Jagan · February 10, 2025, 2:04pm

does ksoftirq reboot the system or segfault? can I check the test?

willy · February 10, 2025, 5:45pm

ksoftirq just indicates pending IRQs are not handled fast enough by the software so they had to switch to polled mode, but this consumes a lot of CPU. This is super frequent on the network at very high packet rates, but for lower speed hardware it might possibly indicate a bug in a driver, though it’s not easy to figure which one.

avaf · February 10, 2025, 6:27pm

Yes, there is no system reboot or segfault, just wasting CPU, the board is still running stable, and the network is stable as well. Initially, i thought it was an IMX477 driver issue (Rock 5C) but the same occurred with IMX415 driver (Rock 5B).
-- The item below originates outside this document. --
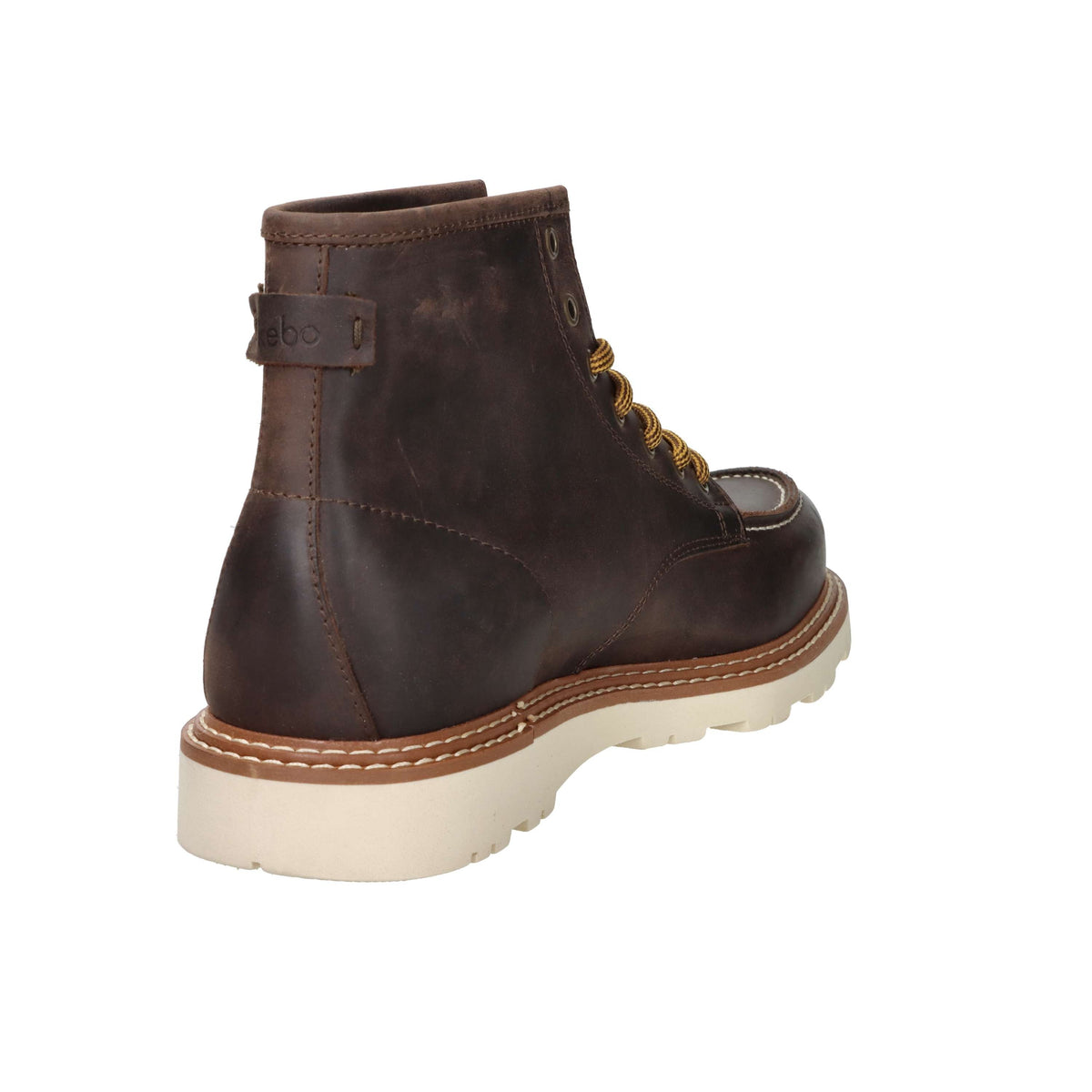 Kebo Uomo Anfibi DK7010 Marrone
It was observed while rendering 50 fps (imx477) and 60 fps (imx415), maybe something related to mali blob. It was running 6.1.x.

Instead of rendering it on display, i will push it via ethernet, something like FPV, at least mali will not be involved, but this can take some time.

Or the camera engine (v4l2) can’t cope with such high fps

Jagan · March 3, 2025, 11:33am

@avaf is the same code that you have ff-rknn? with these changes?

avaf · March 3, 2025, 8:26pm

Single thread, single NPU core (no parallelism): https://github.com/avafinger/ff-rknn
Multi-thread, single NPU core (no parallelism): https://github.com/PuntoMaximo/ff-rknn-sdl2
Neither code has a multi-threaded NPU.

The current ffmpeg converts NV12 to DRM_PRIME internally for encoding (i think) , thus consuming a bit more CPU.

I could not find a way to do parallelism in gstreamer, if you have, please share.

Jagan · May 11, 2025, 3:25pm

Can you share build instructions for ff-rknn-sdl2 ?

avaf · May 11, 2025, 7:06pm

In my setup, it was something like this (adjust to yours):

LD_LIBRARY_PATH=./lib1.6/ g++ -O3 --permissive -o ff-rknn-sdl2 ff-rknn-sdl2.c SDL_FontCache.c postprocess.cc -D_USE_THREADS_ -D_FILE_OFFSET_BITS=64 -D REENTRANT -I./ -I/usr/include/drm -I/usr/include -I/usr/include/SDL2 -lSDL2 -lSDL2_ttf -lz -lm -lpthread -ldrm -lrockchip_mpp -llzma -lrtmp -lssl -lcrypto -lbz2 -lxml2 -lX11 -lxcb -lXv -lXext -lv4l2 -lrga -lva -lxcb-shm -lxcb-xfixes -lxcb-render -lxcb-shape -lxcb -lXau -lXdmcp -lxcb -lxcb-shape -lXmu -lXext -lXi -lv4l2 -lasound -lpulse -lsndio -lGL -lpulse -lGL -lGLESv2 -lsndio -lfreetype -lvorbis -lvorbisenc -lopus -lrknnrt -lmp3lame

Jagan · May 12, 2025, 8:07am

and FFMPEG from here? https://github.com/nyanmisaka/ffmpeg-rockchip

Jagan · May 12, 2025, 11:31am

SDL_FontCache.c file is missing in ff-rknn-sdl2